Warrawee  NSW  2074


Monochrome photo of Warrawee Railway Station before line duplication, circa 1905

Warrawee Railway Station before line duplication, c1905

Opening of Warrawee Bowling Club, 7th Sep 1906, with all attending

Monochrome photo of the opening of Warrawee Bowling Club, 7th September 1906, with all attending

Although Warrawee has had a railway station since the beginning of the 20th century, it could perhaps be argued that the history of the suburb is subsumed into the history of Wahroonga and Turramurra. The local residents demanded that trains on the north shore line ‘stop here’ – this is the meaning of the Aboriginal word Warrawee – but the Railway Commissioners were reluctant to meet their demands. However, the residents, or at least their spokesmen, were not without influence and on 1 August 1900, Warrawee station opened despite the objections of the Commissioners, who pointed out that the distance between Warrawee and Wahroonga stations was the shortest of any section of the line.

The leader of those demanding the station was Colonel J C Remington, the manager of an insurance company and prominent in commercial circles. He was supported by other businessmen, including J Beresford Grant, manager of an insurance company but later chairman of Raine & Horne. His contribution to Warrawee’s lifestyle was to ensure that there are no shops at the station’s entrance.

Beresford Grant is said to have ‘gazumped’ every purchaser of land who planned to build a shop in the vicinity of the station. Instead, Grant bought the land and commissioned the newly appointed Professor of Architecture at the University of Sydney, Leslie Wilkinson, to design houses into which he progressively moved from his original home, designed by another prominent architect, B J Waterhouse.

When signs designating suburban boundaries within Ku-ring-gai were installed, the location of the Wahroonga/Warrawee sign brought forth strident calls for its relocation, and a clear indication that today Warrawee is indeed a separate suburb whose boundaries are well defined in the minds of its residents.

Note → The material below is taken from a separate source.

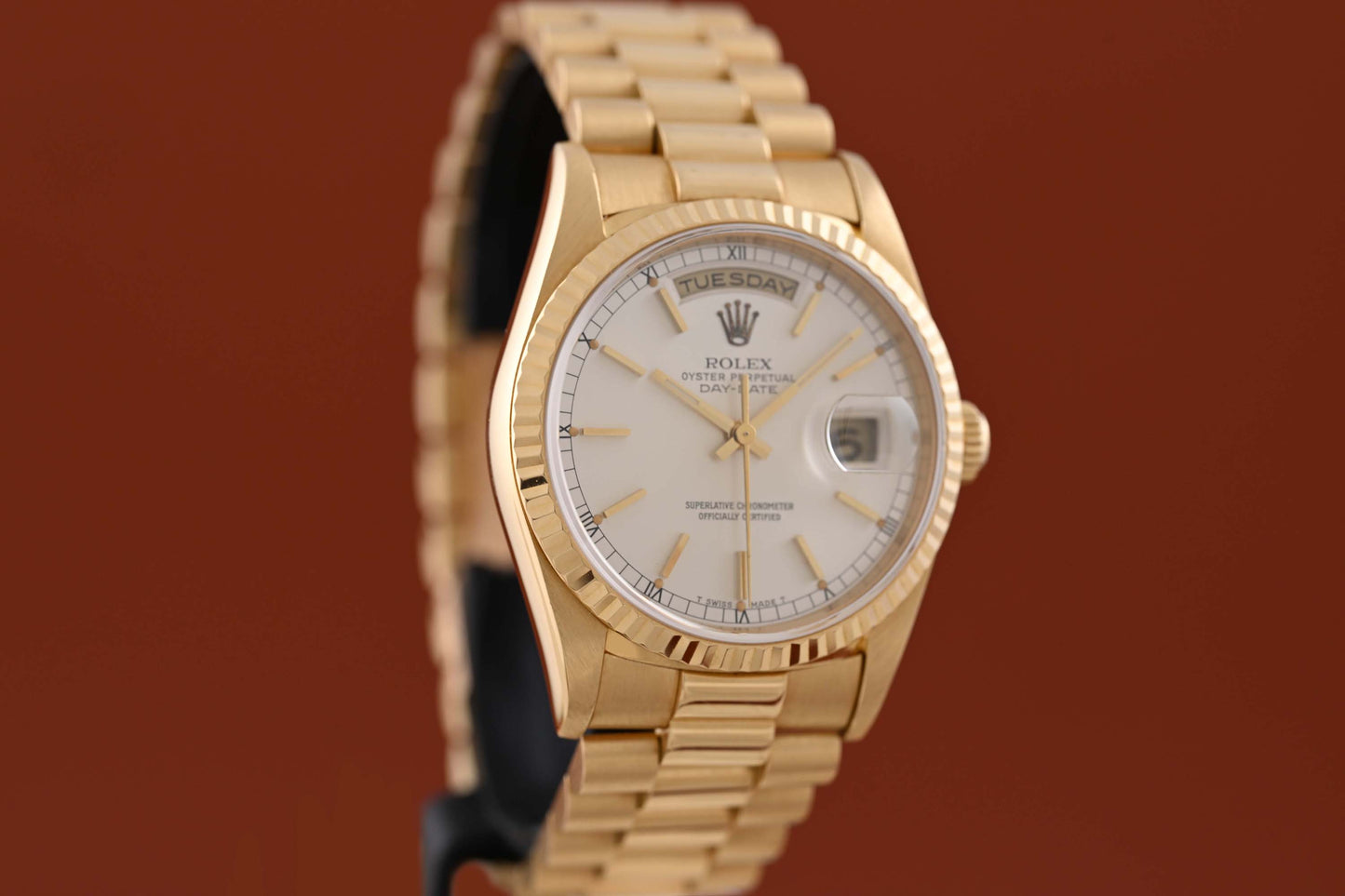 Rolex Day Date Gelbgold 18238 - Box & Papiere - LC100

One of the leading architects of the 1890s was John Horbury Hunt, who designed The Highlands for the retailer Alfred James Hordern in 1891. The Highlands sat on 34 acres of ground and fourteen gardeners were employed.

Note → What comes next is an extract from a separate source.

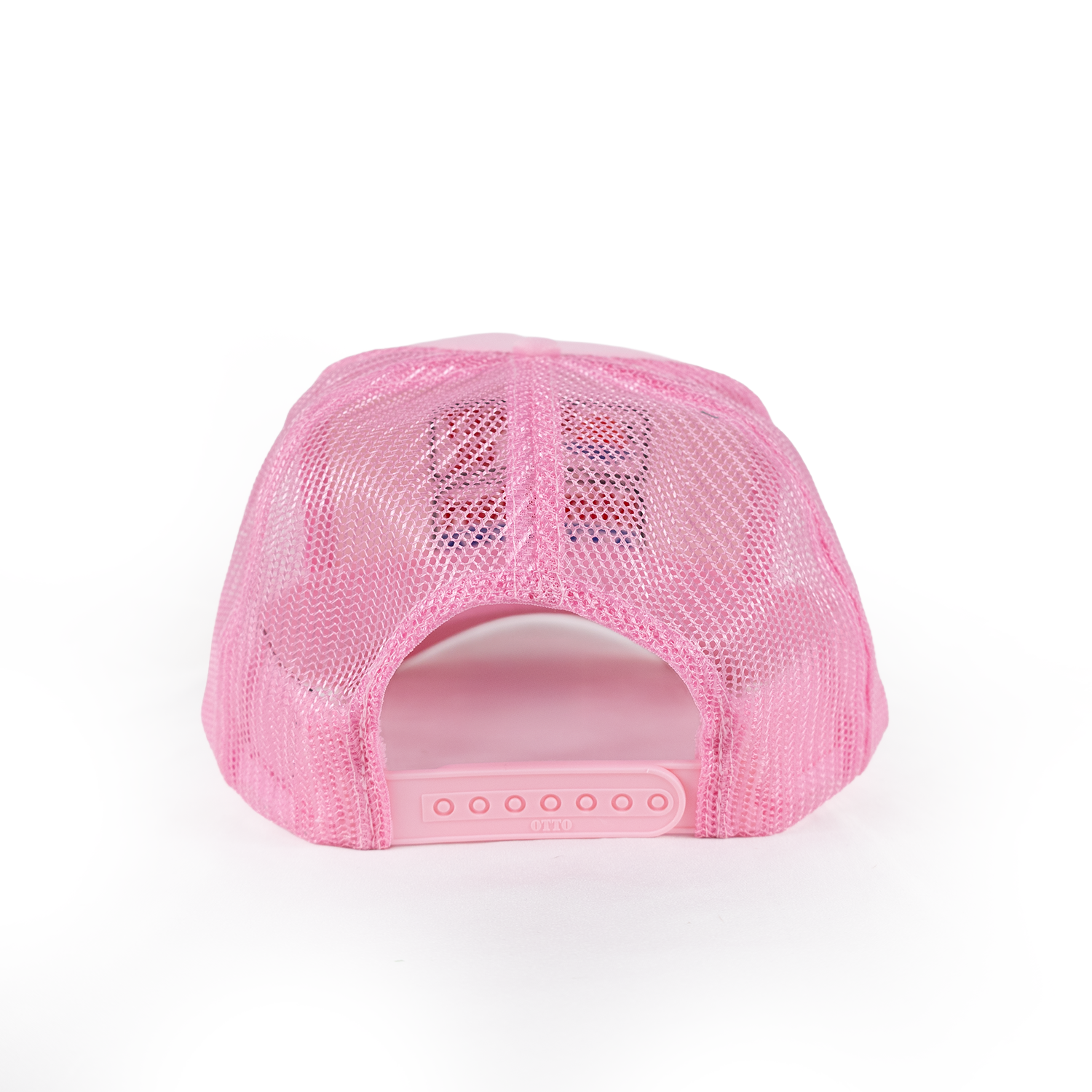 Sunset Oil Mini Mart Soft Pink Trucker Fit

Walking down Warrawee Avenue, one is treated to an architectural feast. Professor Wilkinson’s Maiala (No. 7) stands in front of the earlier home of the same name but now called Rowardennan (No. 5). Opposite is Harwood (No. 2), one of the family homes of the architect Hugh Vernon. No. 11 is an example of a more recent style, the so-called Post Modernism of James Muir.

At the intersection of Bangalla Street are Witchita (No. 10), named by an American after his home town, in neo-Tudor style and on the opposite corner, a magnificent example of the work of F Glynn Gilling, Audley. A change in style follows with No. 16, designed by Glenn Murcutt in association with the Lend Lease Design Group, for a Lend Lease executive. Other fine homes are visible including Kirkoswald (No. 22) from whose tower a child watching out for bushfires could, at the turn of century, earn pocket money and in whose lounge Nellie Melba is reported to have sung.